Open Access Article
This Open Access Article is licensed under a Creative Commons Attribution-Non Commercial 3.0 Unported Licence

LED-based interferometric reflectance imaging sensor for the detection of amyloid-β aggregation

Xin R. Cheng a, George G. Daaboul b, M. Selim Ünlü bcd and Kagan Kerman *a
aDept. of Physical and Environmental Sciences, University of Toronto at Scarborough, 1265 Military Trail, Toronto, ON M1C 1A4, Canada. E-mail: kagan.kerman@utoronto.ca; Tel: +1-416-287-7250
bDept. of Biomedical Engineering, Boston University, 8 Saint Mary's Street, Boston, MA 02215, USA
cDept. of Electrical and Computer Engineering, Boston University, 8 Saint Mary's Street, Boston, MA 02215, USA
dFaculty of Engineering, Bahcesehir University, Istanbul, Turkey

Received 8th July 2013 , Accepted 15th October 2013

First published on 16th October 2013


Abstract

Self-aggregation of amyloid-β (Aβ) plays an important role in the pathogenesis of Alzheimer's disease (AD). Small molecule inhibitors of Aβ fibril formation reduce the Aβ-mediated neurotocixity. In this report, the interaction of amyloid-β (Aβ) with well-described modulators, (−)epigallocatechin-3-gallate (EGCG) and Zn(II), was detected using a LED-based interferometric reflectance imaging sensor (LED-IRIS) in a high-throughput and real-time format. Nucleation-based fibril growth strategy was employed, as the “seeds” of Aβ were prepared in the presence of EGCG and Zn(II). The seeds were then covalently immobilized on the chip surface. Using microfluidics, Aβ oligomers were exposed onto the seeds resulting in the elongation of fibrils, which was detected as the increase in the spot height. Monitoring the changes on the chip surface enabled to detect the efficacy of modulators to inhibit or facilitate the growth of Aβ fibrils. The proof-of-concept study reported here introduces a novel platform to facilitate the screening of small molecules towards the discovery of promising AD therapeutics.


Introduction

Amyloid-β (Aβ) peptide is the major component of amyloid deposits and senile plaques of Alzheimer's disease (AD). AD is a complex neurodegenerative condition characterized by decline in cognitive ability, irreversible memory loss and impairment of judgment and reasoning.1 The neuropathological hallmarks of AD, other than the neurotransmitter depletion of acetylcholine, also include the deposition of two abnormal protein aggregates: intracellularly occurring neurofibrillary tangles composed of Tau protein2 and extracellular insoluble Aβ aggregates.3 The spontaneous conversion of oligomeric Aβ into fibrillar aggregates is associated with the development of AD.4 Numerous genetic, biochemical and transgenic animal tests supported the “amyloid hypothesis”.5–7 Currently, more than a hundred drugs are in clinical trials for AD treatment. These mainly consist of neuromodulatory signaling and Aβ-related therapies. Out of seven that went to Phase III trials, five of them were Aβ aggregation/clearance targeting drugs.8 It is therefore feasible to develop novel techniques to study the interaction of Aβ with small molecules in the attempt to facilitate drug discovery efforts.
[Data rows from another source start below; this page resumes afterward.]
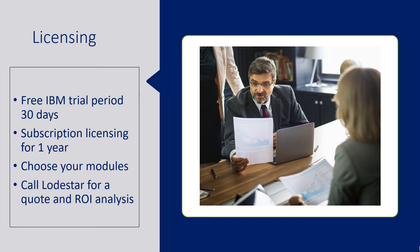On licensing: you can get the free IBM trial period of 30 days, then subscription licensing is based on a year. You can choose your modules — so if you want PI Pro, CI, and Inventory but not Report Card, that's fine. Just give us a call and we'll give you a quote for your specific environment. We'll also help you build the ROI analysis to show you how much time you can save with the upgrade to help justify the cost.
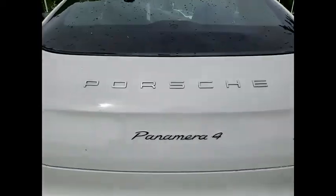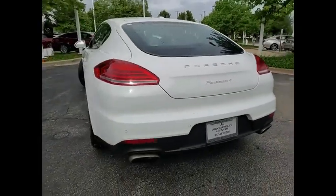This vehicle has less than 40,000 miles. Here are some of this vehicle's great options.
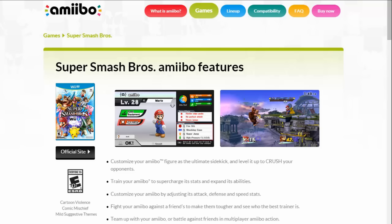We started going wild on Twitter a few minutes ago, as of this recording, about the Nintendo website with the Smash Bros. Amiibo page.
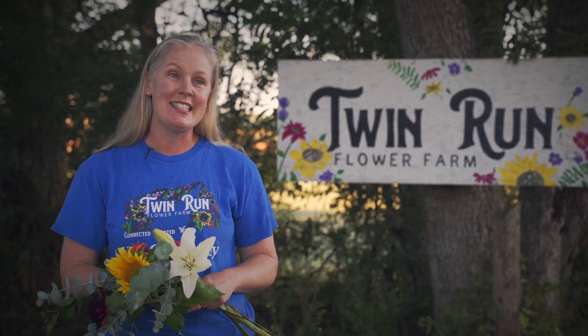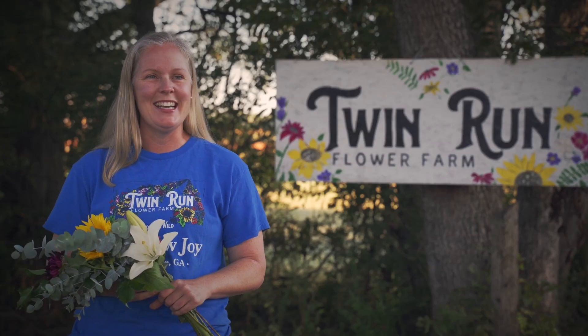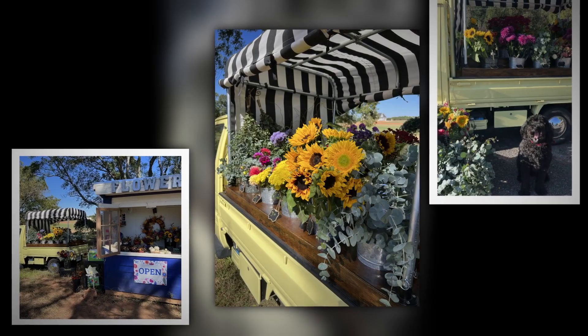Sunflowers, dahlias, the eucalyptus, the lilies — folks love them. We also have Buttercup, our new flower truck, which we're so excited about. You'll see her at pop-ups all around town. You can also rent her for parties, or employee appreciations, or any time you want to have a little bit of fun.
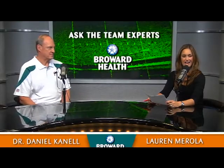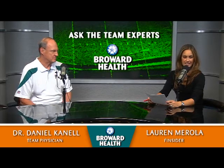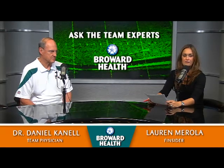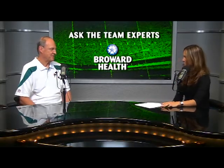I'm Lauren Marola and joining us today on Ask the Team Experts is Dr. Daniel Connell. Dr. Connell is the medical director of sports medicine and an orthopedic surgeon at Broward General Medical Center and Imperial Point Medical Center. He also serves as team physician for a lot of South Florida professional sports teams. It's great to have you with us today. Thank you, Lauren.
The molecular mechanism of Aβ aggregation has been extensively studied,9–11 but the exact pathway of misfolding and elongation is still somewhat unclear. It has been hypothesized that the formation of small protein oligomers, which act as nuclei or ‘seeds’, seems to be a crucial step in the aggregation pathway.12,13 This elongation is known as the nucleation-dependent polymerization model,14,15 which describes that initial unfavorable interactions between oligomers will result in a lag phase, in which stable oligomers are formed. These oligomers then provide nuclei to catalyze further growth of the amyloid, determining a growth phase until the equilibrium between aggregates and oligomers is reached (steady phase).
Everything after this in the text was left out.